John Henry Comstock & Anna Botsford Comstock, A Manual for the study of Insects, Ithaca New York, The Comstock Publishing Company, 1895, pp. 187-188.
The young naturalist loves to lie face downward on the bank of a brook, and, with shaded eyes, Watch the busy life that goes on there. Among the astonishing things the sees are little bundles of sticks or masses of stones moving about the bottom of a quiet pool as if they were alive; and yet if he takes them out they seem dead enough. But when he pulls them apart he finds that each is a tube lined with silk within which a whitish larva lives. This larva, when it wishes to move, puts out the front part of its body, so that it can creep with its legs over the bottom of the stream, or climb up and down water-plants, dragging its house along after it. When molested it draws back into its tube, and is safe. Larvae of this sort are called Caddice-worms; and the adult insects are know as Caddice-flies.
They are very many species of Caddice-worms ; and each species makes a particular kind of tube. Some Caddice-worms are carpenters, building their houses of straws or sticks. These are usually placed lengthwise the body (Fig. 226) ; but certain species that make their houses chiefly of straws fasten the straws crosswise like the logs of a log-house (Fig. 227). These log-house builders often have the curious habit of decorating their houses by fastening snail-shells to the outside. And strangely enough they do not always take empty shells for this purpose ; we have found shells containing living snails securely fastened to the outside of the house of a Caddice-worm. In this case the snail was afforded comparatively rapid transportation whether it desired it or not. Fortunaley the species that make this style of house live in still water, and may, therefore, be easily kept alive in aquaria.

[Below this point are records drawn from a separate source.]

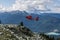 WHISTLER, CANADA - AUGUST 25, 2019: red helicopter on Blackcomb mountain for air lookup tour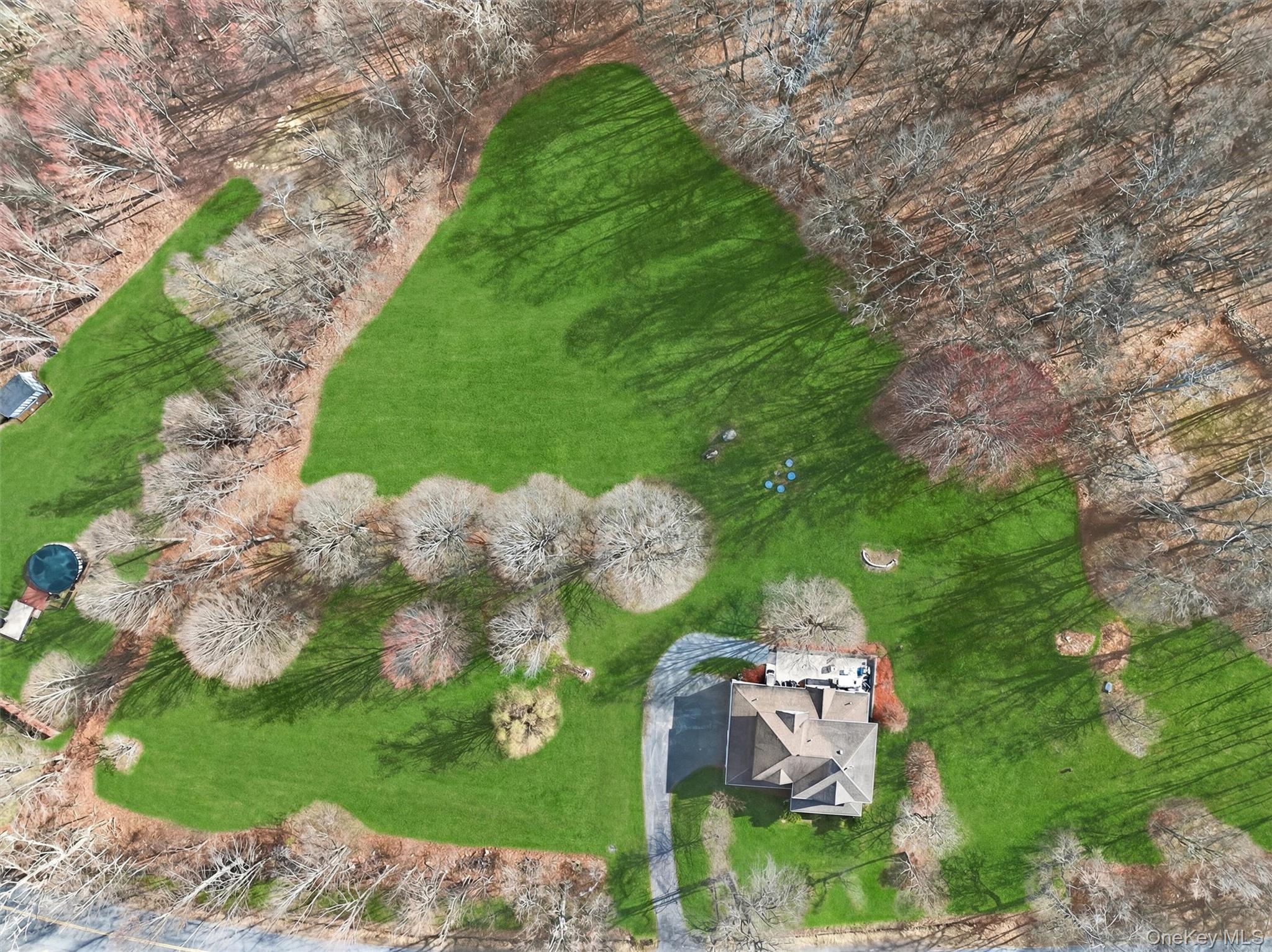 729 Mullock Road Port Jervis, NY 12771 - Photo 50 of 50 a aerial view of a house with a yard and large trees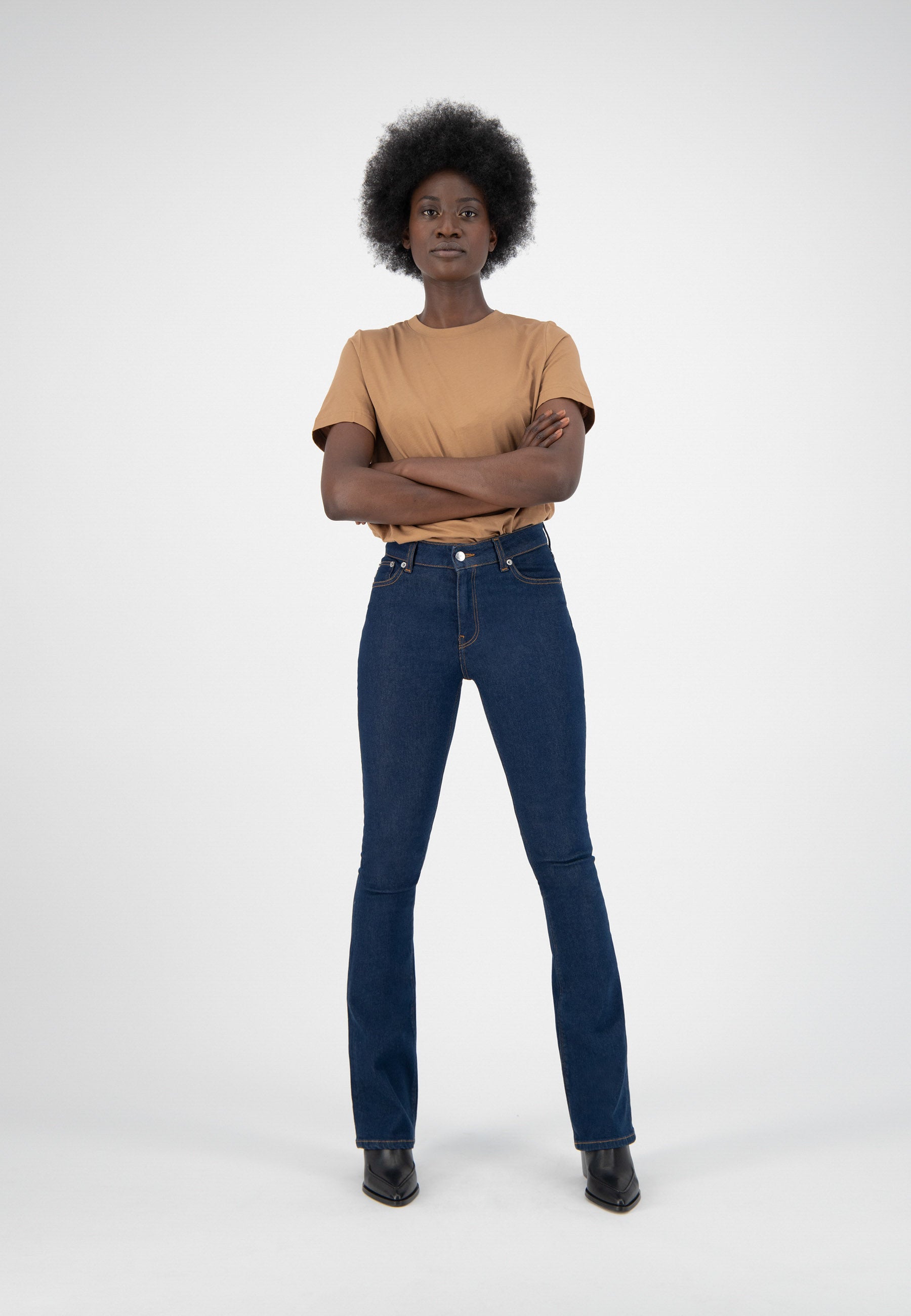 Model wearing a brown short-sleeve shirt with fitted dark blue jeans and black ankle boots against a white background.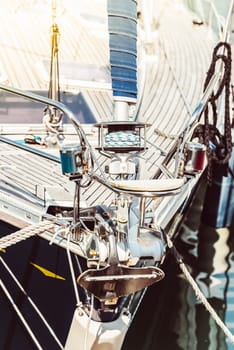 Sailboat deck close-up with ropes and metal fixtures, nautical concept background, 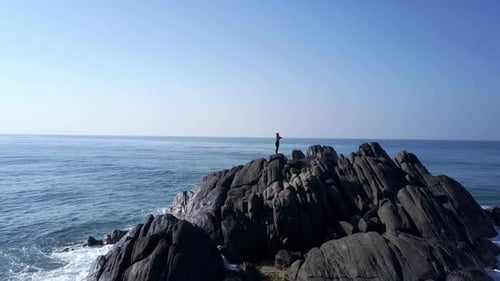 Lady Silhouette Meditates on Grey Rocky Cliff Top at Ocean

There are caddice-worm houses closely resembling in plan those just described but differing in appearance being made of bits of moss. Sometimes the houses are built of leaves; these may be fastened so as to form a flat case; or are arranged in three planes, so as to form a tube, a cross-section of which is a triangle.

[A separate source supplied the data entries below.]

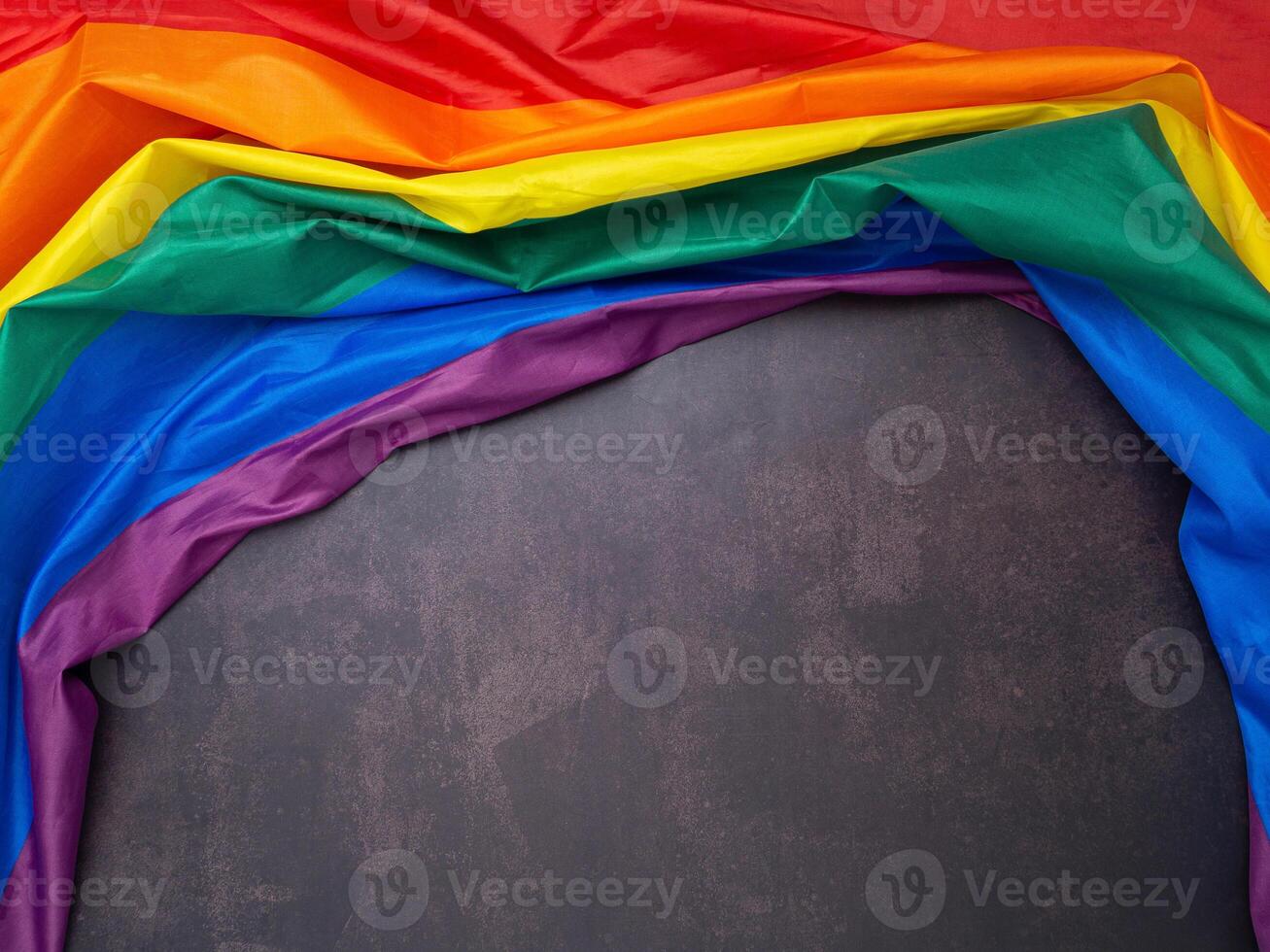 The rainbow flag is on a cement floor with space for text. photo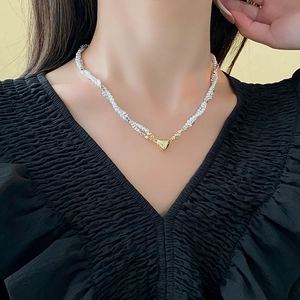 Detail of silver beads and pearl necklace with a gold magnetic heart pendant on a model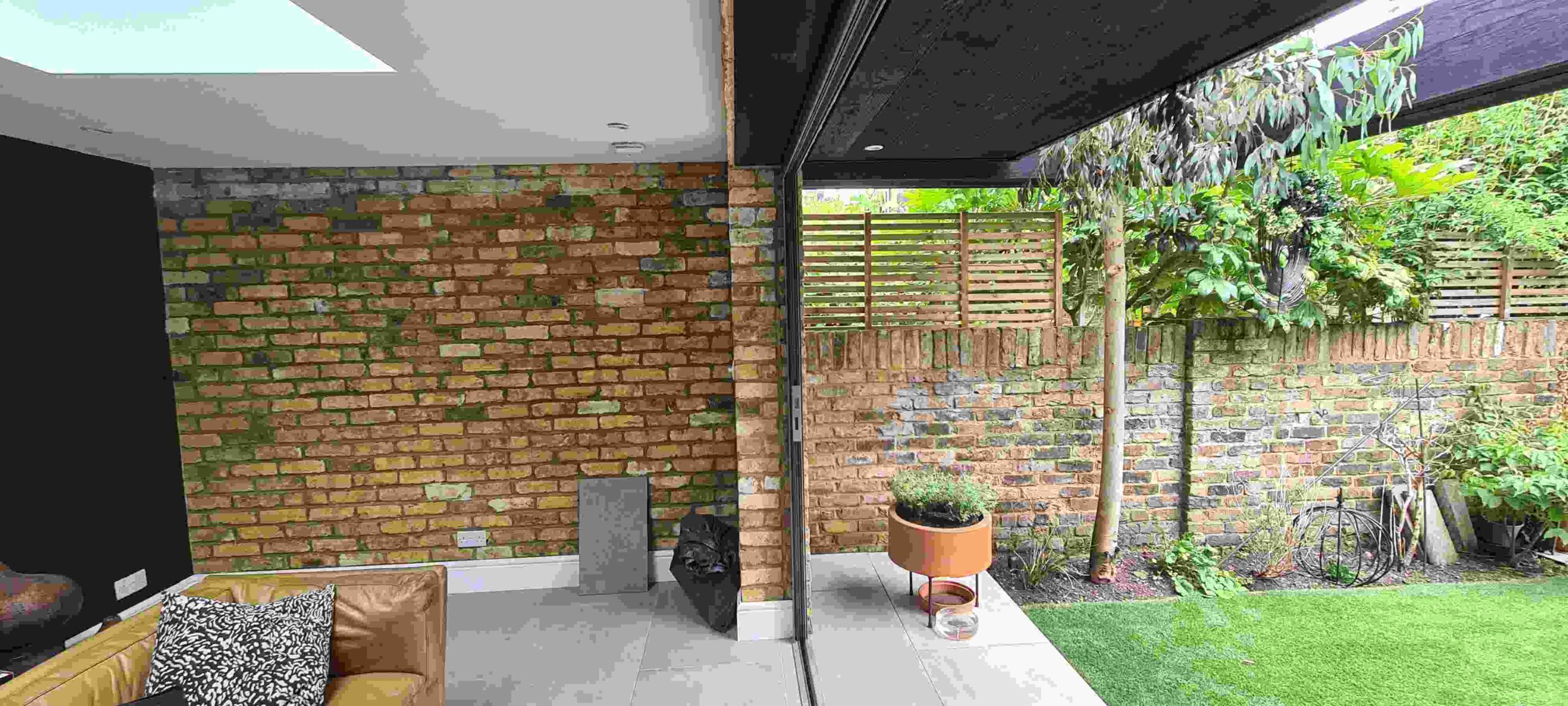 Garden room interior with skylight and open bifold doors revealing a small patio with bistro furniture and lawn, exposed London stock brick wall, London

Other Caddice-worms are masons, building their houses of grains of sand or of small stones. Sometimes these houses are tuby very regular in outline, being composed only of grains of sand fastened together with silk; but certain species of mason Caddice-worms fasten larger stones on each side of this tube of sand (Fig. 228). Some of the species that build tubes of sand make spiral house which very closely resemble in form snail-shells (Fig. 229).
Whether stones or wood are used to build these houses the material, is always fastened together by silk, which the larvae spin from the mouth in the same manner as do caterpillars. In some species the case is composed entirely of silk. Figure 230 represents the form of such a case, which is common in some of our lakes.